Phil Baird tells us about his experiences so far as a member of the Studio Collective.
My name is Phil Baird and I am this artist and a member of the exciting and innovative Horniman Studio Collective.
A decade ago, while recovering from the most serious mental health condition, I considered taking a volunteering post at the Horniman Museum and Gardens, possibly doing some conservation dusting. Little did I know that I was destined to be a part of the multidisciplinary Studio Collective, whose current aim is to curate an exhibition and related events with artist Serena Korda.
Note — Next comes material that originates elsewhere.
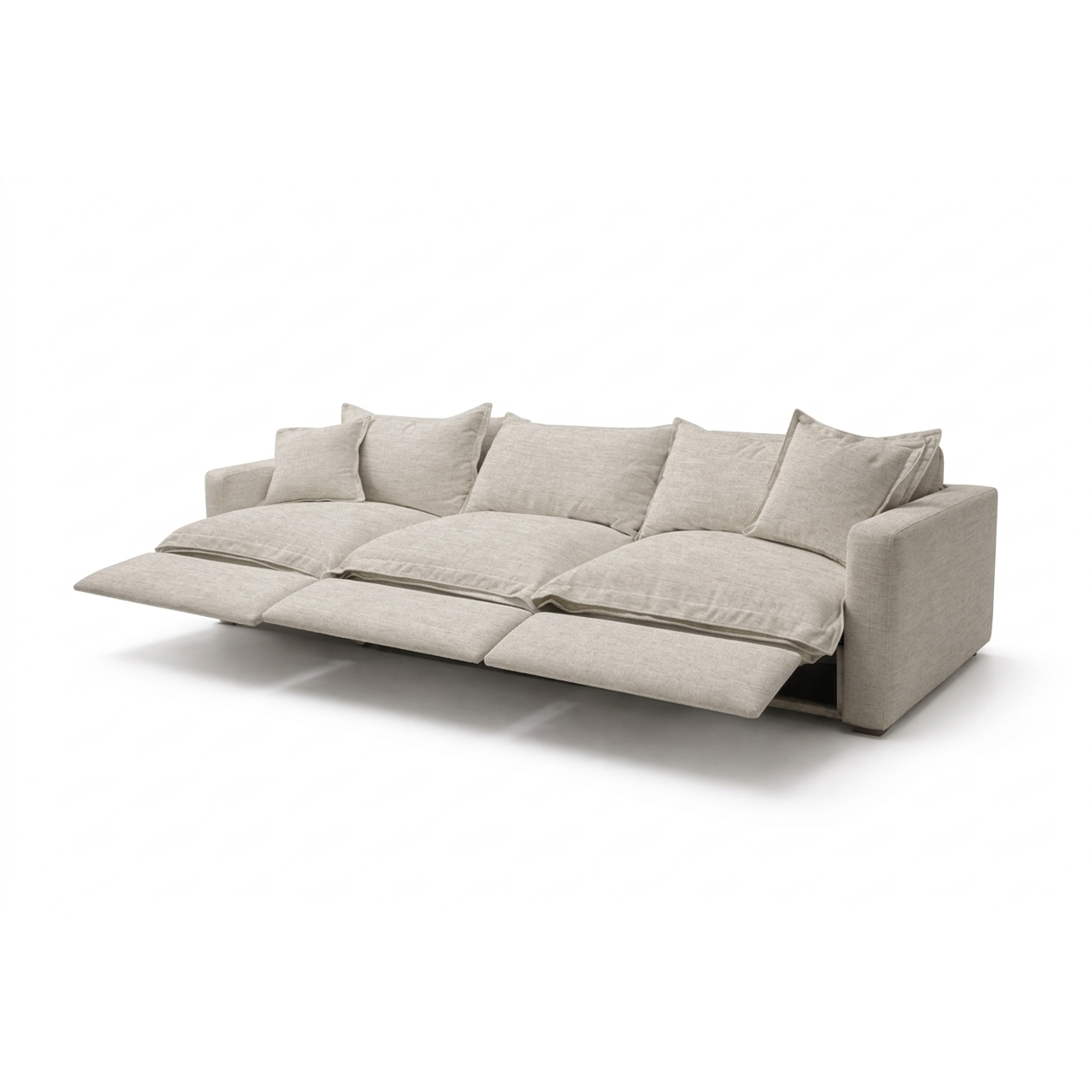 Cloud Motion 3 Seater Sofa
It is great to be a small part of what is a large group of about 19 artists, anthropologists, research specialists, publicists, service users and, like me, workshop facilitators for the many and various community groups that are the heart of the process. The project has an egalitarian, forum-style organisation that is new and innovative. It allows Studio Collective members to take part in various levels, and we can leave the areas that we are not specialists in to the other team members.
It is great for me to see behind the scenes of the Horniman and to work with professionals with an incredible vastness of collective knowledge. The whole process for me is a weaving together of ideas, of people in the form of a community, of sounds and their means of production, of places – the whole museum, environment and Gardens, and of objects – Serena's art objects and those from the Horniman Collection both currently displayed and in the ‘secret’ reserve collection.
I feel privileged to have access to hundreds of thousands of objects that we are all custodians of. Had I known anything about anthropology when I was younger I would have certainly considered a career in the profession.